Une blessure dans l’engrenage de l’Histoire
Le drame de Charlène s’ancre dans la guerre civile burundaise (1993-2005), déclenchée par l’assassinat du président Melchior Ndadaye. En mars 1997, Bujumbura tremble sous les explosions de mines antichars attribuées aux rebelles du CNDD-FDD, dont Pierre Nkurunziza était alors un membre influent. Le père de Charlène, un civil fonctionnaire civil du ministère de la Fonction publique, est fauché. « C’était le choc, la colère, la douleur, l’angoisse et le vide » (p. 18), confie-t-elle, encore secouée, nous plongeant immédiatement dans l'abîme émotionnel qui s'est ouvert ce jour-là.

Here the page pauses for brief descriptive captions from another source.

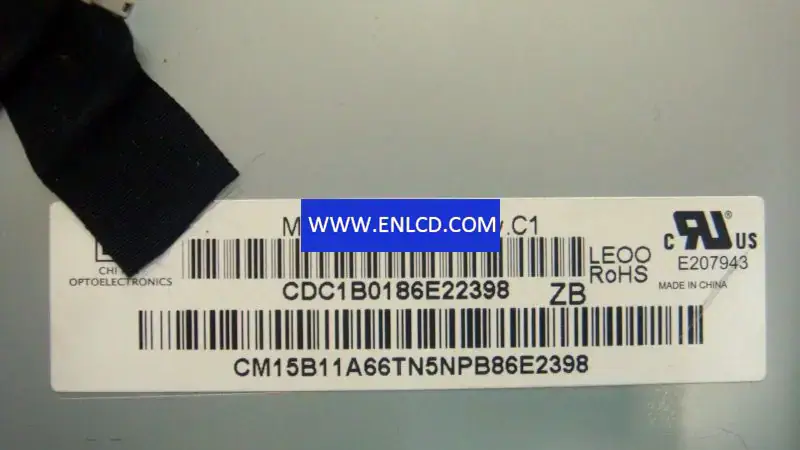 Remplacement du panneau LCD Innolux M156B1-L01 pour moniteur de bureau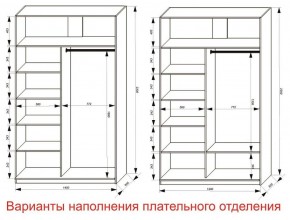 Шкаф-купе 1400 серии SOFT D8+D2+B2+PL4 (2 ящика+F обр.штанга) профиль «Графит» в Казани - kazan.ok-mebel.com | фото 8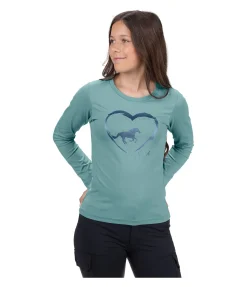 STEEDS T-shirt à manches longues enfant Hearty bleu atlantique
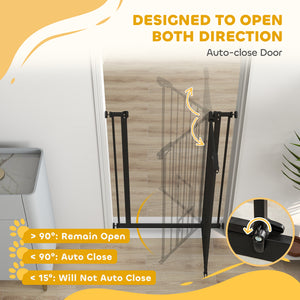 41" Easy Open Indoor Dog Gates for Doorways, House, Stair - Black – view 4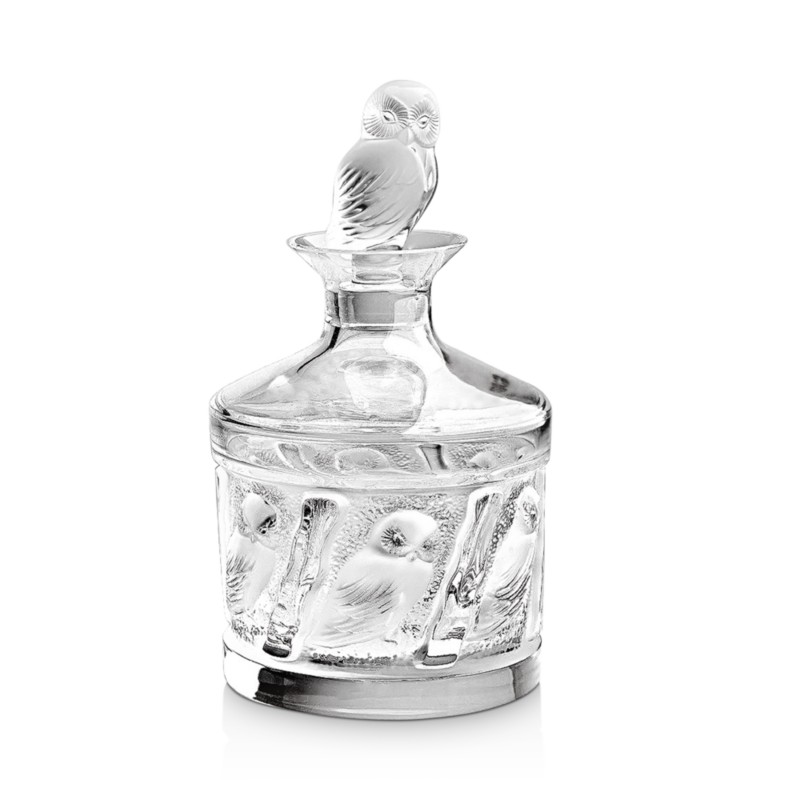 Lalique Owl Decanter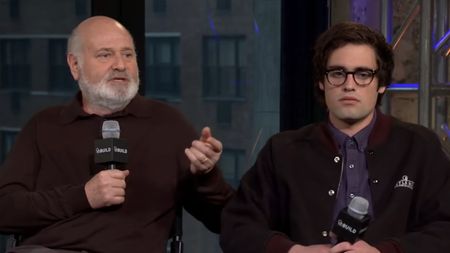 Rob and Nick Reiner participate in an interview.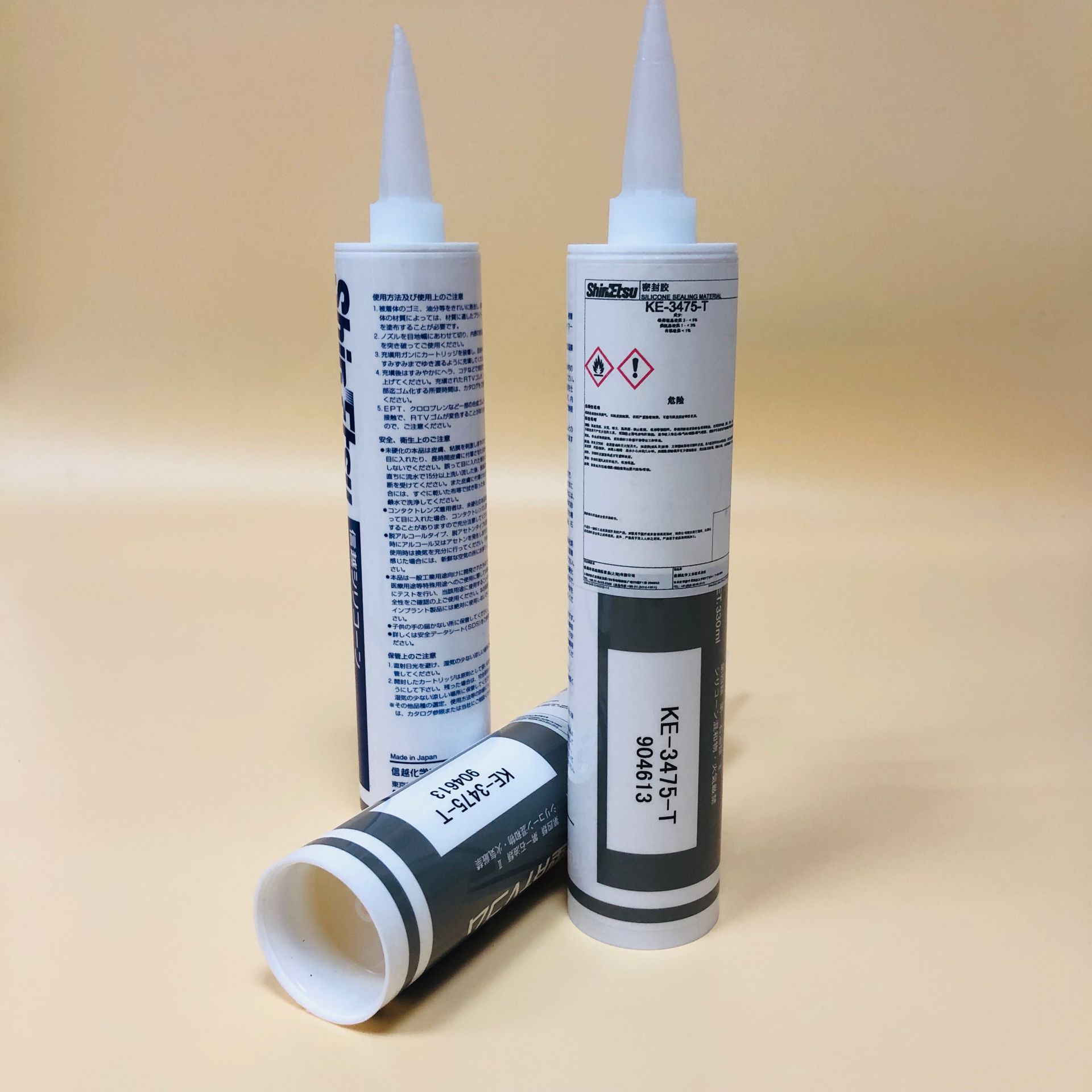 进口日本信越 KE-3475-T 硅胶 白色电子胶 披覆胶 密封防潮绝缘胶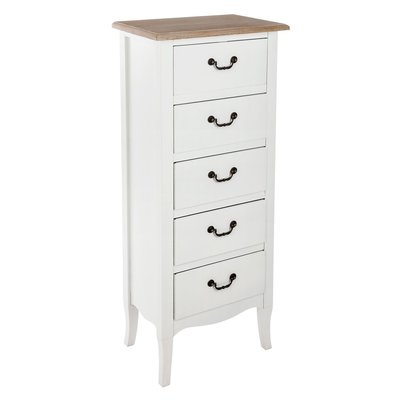 Chiffonnier en bois Chrysa - L. 45 x H. 113 cm ATMOSPHERA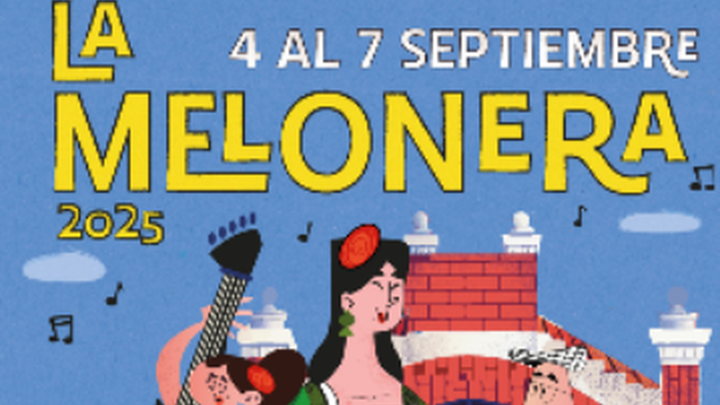 Cartel  fiestas de La Melonera de Arganzuela 2025 / Distrito Arganzuela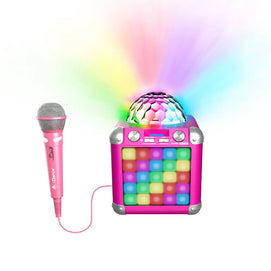 iDance Enceinte Bluetooth Cube BC-100X - Rose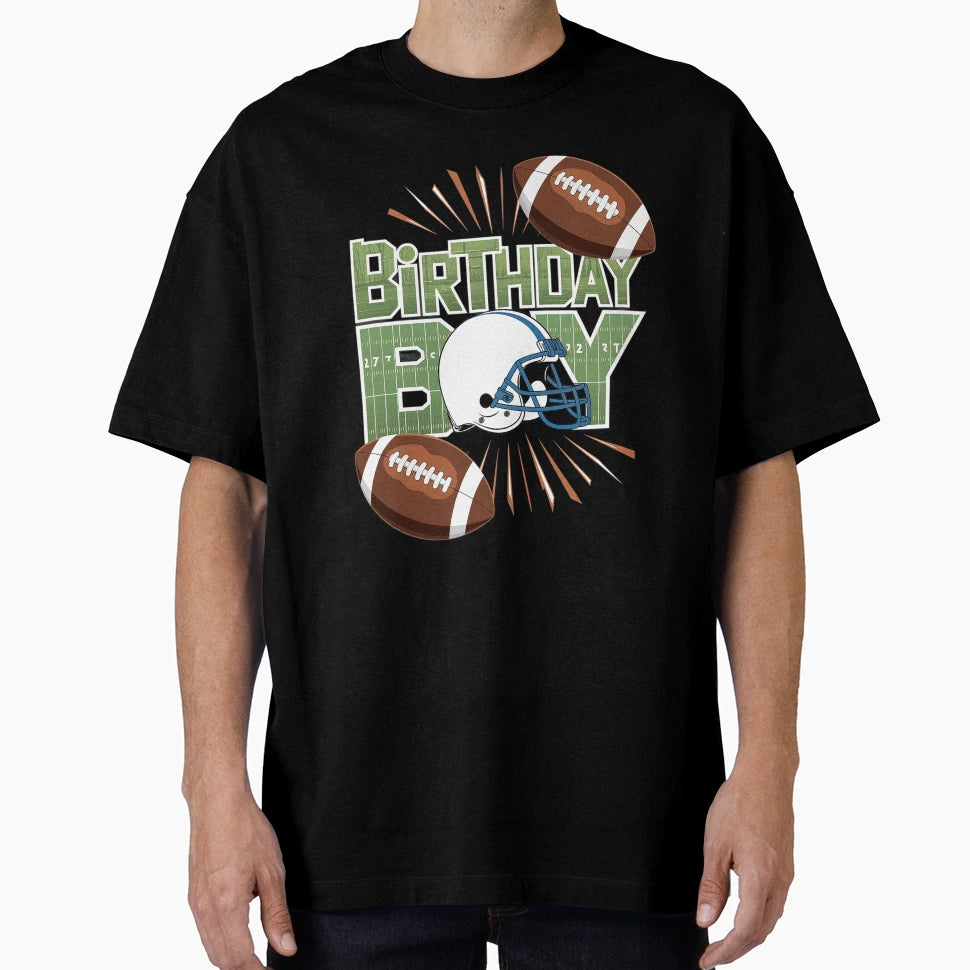 Birthday Football Birthday Party T-Shirt - Custom Art Print Men Women - T-Shirt, Sweatshirt, Hoodie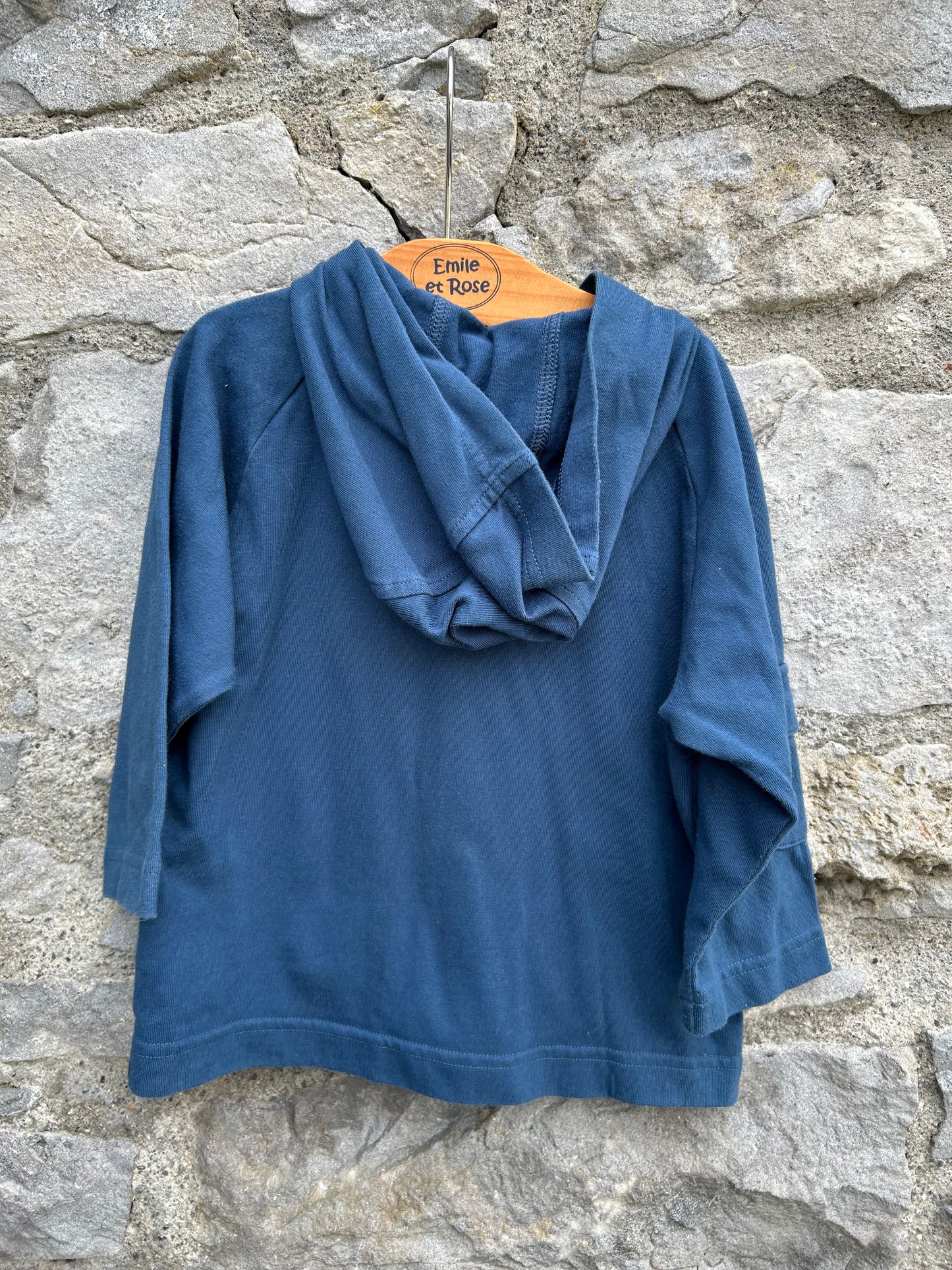 Navy hoodie 12-18m (80-86cm)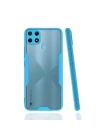 Mey İthalat®  Realme C25Y Kılıf Platin Silikon - Mavi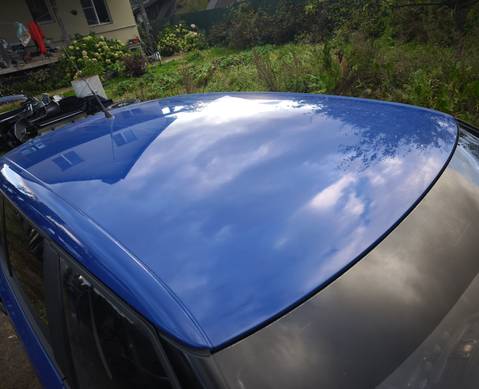 5J6817111 Крыша хэтчбек синяя для Skoda Fabia II (с 2006 по 2014)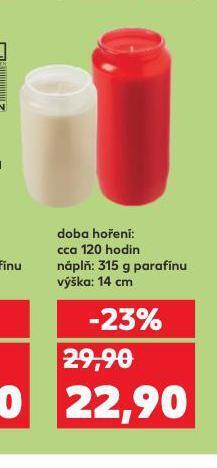 Kaufland Hřbitovní svíčka olejová nabídka
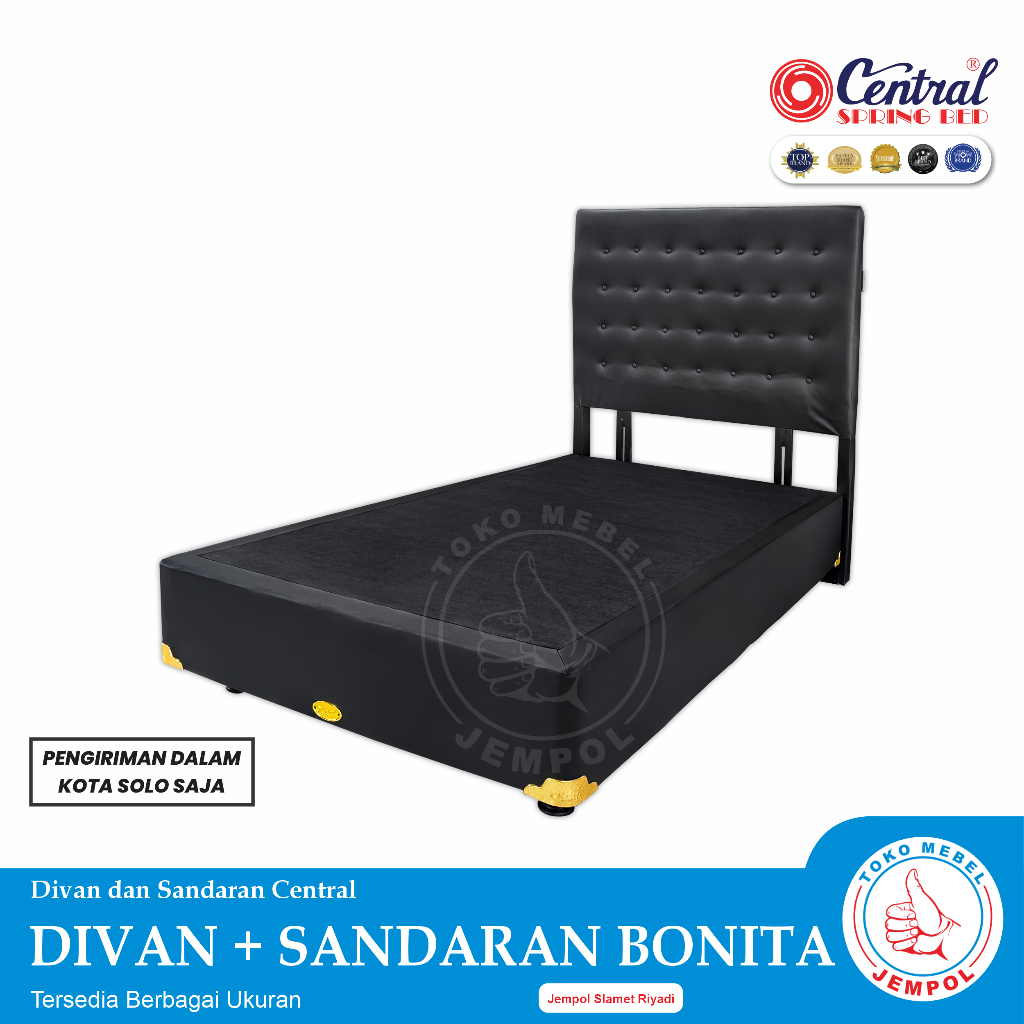 Divan Central Oscar + Sandaran Bonita / Divan Sandaran Tempat Tidur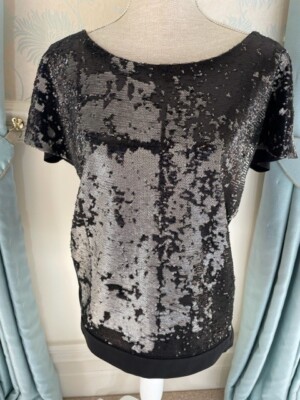 Special occasion ''Sa-Hara'' Sequined Evening Top Size 40 NEW with tags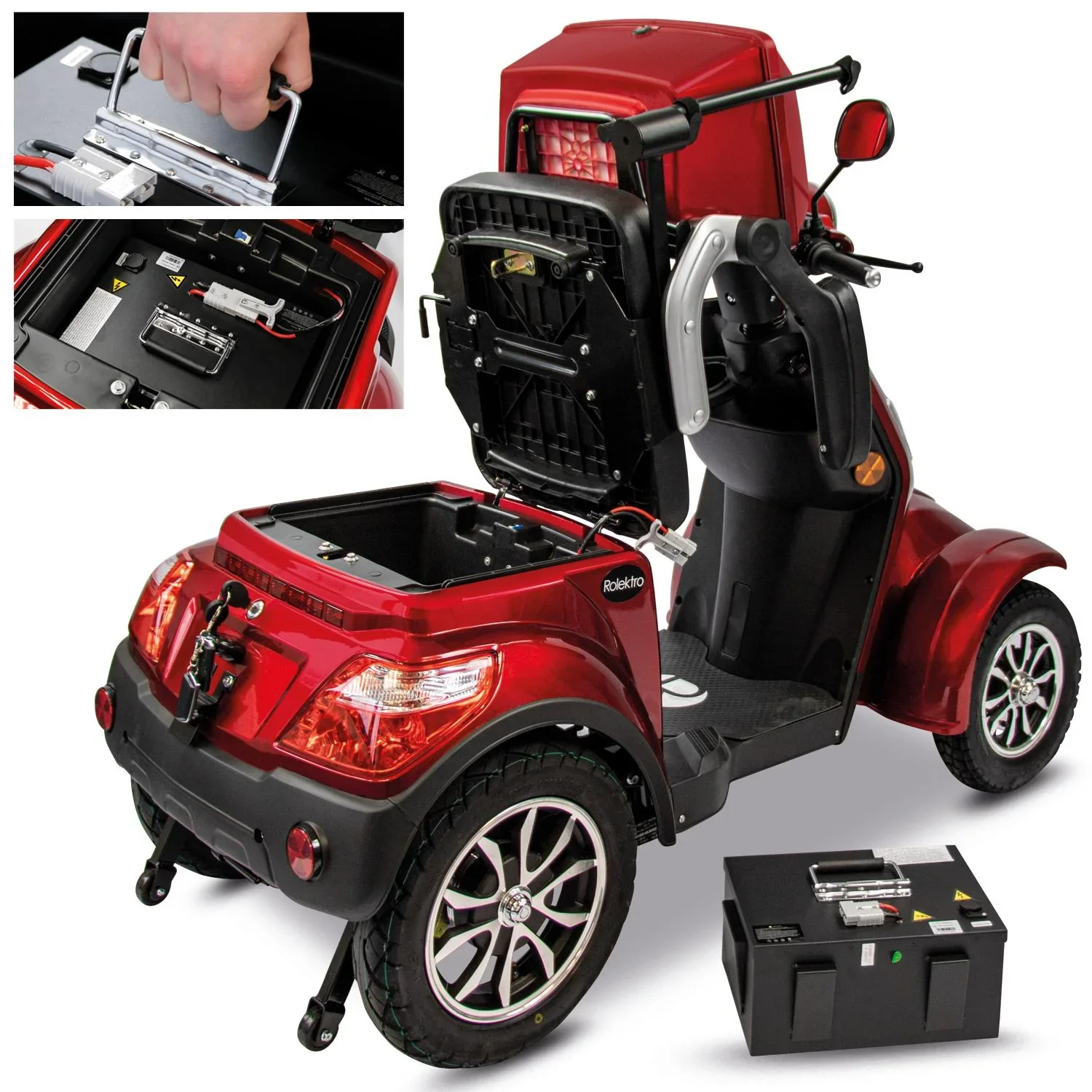 E-Quad 15 V.3 Lithium, 1.000 Watt + Straßenverkehrszulassung - 1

La jeune fille découvre un an plus tard, en 1998, devant la télévision nationale, que Pierre Nkurunziza, condamné à mort par contumace pour ces attentats, figure parmi les présumés responsables de cet attentat. Ce nom devient une obsession. Cette révélation provoque en elle une réaction viscérale : « J'étais figée, une grande colère m'envahit, m'étouffant presque » (p. 61), confie-t-elle. De cette rage naît alors un projet vengeur qui habitera ses pensées pendant des années : « J’avais 8 ans, je m’étais donné un deadline : à 25 ans, je devais tuer ce Pierre Nkurunziza » (p. 61).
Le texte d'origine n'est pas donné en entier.